Its [`README.md`](https://github.com/ReproNim/containers?tab=readme-ov-file#runnable-script) guides through an approach via that dataset with *built-in* execution helper taking care about bind-mounts,
proxying critical *Git* configuration and potentially executing *Singularity* images via *Docker* (e.g., under OSX).
In the particular case of *MRIQC*, please consider updating (if necessary)
and fetching the required data before execution and then
add the `--no-datalad-get` argument to workaround issues with
*DataLad*.
If the execution uid does not match the uid of the user who installed the DataLad dataset, we will likely encounter the following error with relatively recent Git versions (+2.35.2):
datalad.runner.exception.CommandError: CommandError: 'git -c diff.ignoreSubmodules=none -c core.quotepath=false -c annex.merge-annex-branches=false annex find --not --in . --json --json-error-messages -c annex.dotfiles=true -- sub-0001/func/sub-0001_task-restingstate_acq-mb3_bold.nii.gz sub-0002/func/sub-0002_task-emomatching_acq-seq_bold.nii.gz sub-0002/func/sub-0002_task-restingstate_acq-mb3_bold.nii.gz sub-0001/func/sub-0001_task-emomatching_acq-seq_bold.nii.gz sub-0001/func/sub-0001_task-faces_acq-mb3_bold.nii.gz sub-0001/dwi/sub-0001_dwi.nii.gz sub-0002/func/sub-0002_task-workingmemory_acq-seq_bold.nii.gz sub-0001/anat/sub-0001_T1w.nii.gz sub-0002/anat/sub-0002_T1w.nii.gz sub-0001/func/sub-0001_task-gstroop_acq-seq_bold.nii.gz sub-0002/func/sub-0002_task-faces_acq-mb3_bold.nii.gz sub-0002/func/sub-0002_task-anticipation_acq-seq_bold.nii.gz sub-0002/dwi/sub-0002_dwi.nii.gz sub-0001/func/sub-0001_task-anticipation_acq-seq_bold.nii.gz sub-0001/func/sub-0001_task-workingmemory_acq-seq_bold.nii.gz sub-0002/func/sub-0002_task-gstroop_acq-seq_bold.nii.gz' failed with exitcode 1 under /data [info keys: stdout_json] [err: 'git-annex: Git refuses to operate in this repository, probably because it is owned by someone else.

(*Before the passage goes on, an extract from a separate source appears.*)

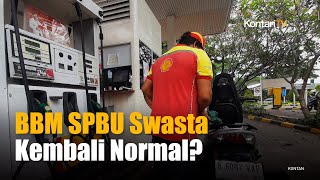 Kapal BBM Segera Tiba, ESDM Pastikan Pasokan SPBU Swasta Pulih Akhir Oktober 2025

To add an exception for this directory, call:
git config --global --add safe.directory /data
git-annex: automatic initialization failed due to above problems']
Confusingly, following the suggestion from DataLad
(just propagated from Git) of executing
git config --global --add safe.directory /data
will not work in this
case, because this line must be executed within the container.
However, containers are transient and the setting this configuration
on Git will not be propagated between executions unless advanced
actions are taken (such as mounting a HOME folder with the necessary settings).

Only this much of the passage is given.